*Instructions to follow*. Find the line with "Кофеварка рожковая DELONGHI" in the records below. Output exactly from there until after the line with "live sex cam", without pictures.

*Extracted information*.
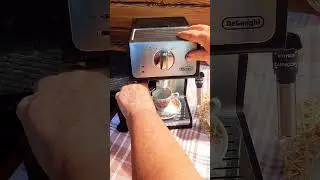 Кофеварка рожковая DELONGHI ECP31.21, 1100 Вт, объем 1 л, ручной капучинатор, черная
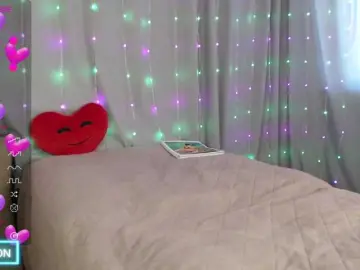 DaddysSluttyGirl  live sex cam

---

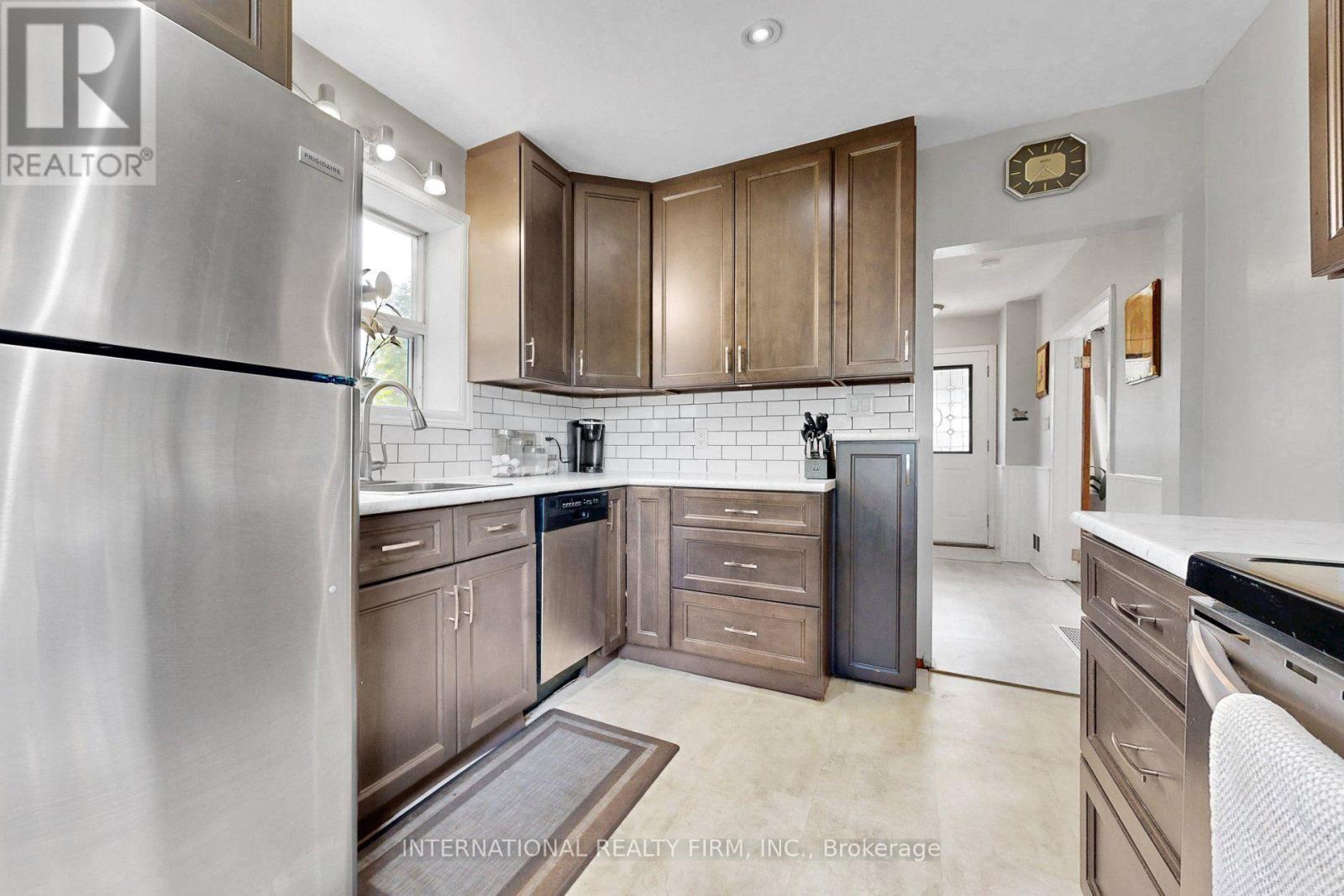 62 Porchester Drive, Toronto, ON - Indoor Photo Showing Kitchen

*Exercise solution*.
 Кофеварка рожковая DELONGHI ECP31.21, 1100 Вт, объем 1 л, ручной капучинатор, черная
 DaddysSluttyGirl  live sex cam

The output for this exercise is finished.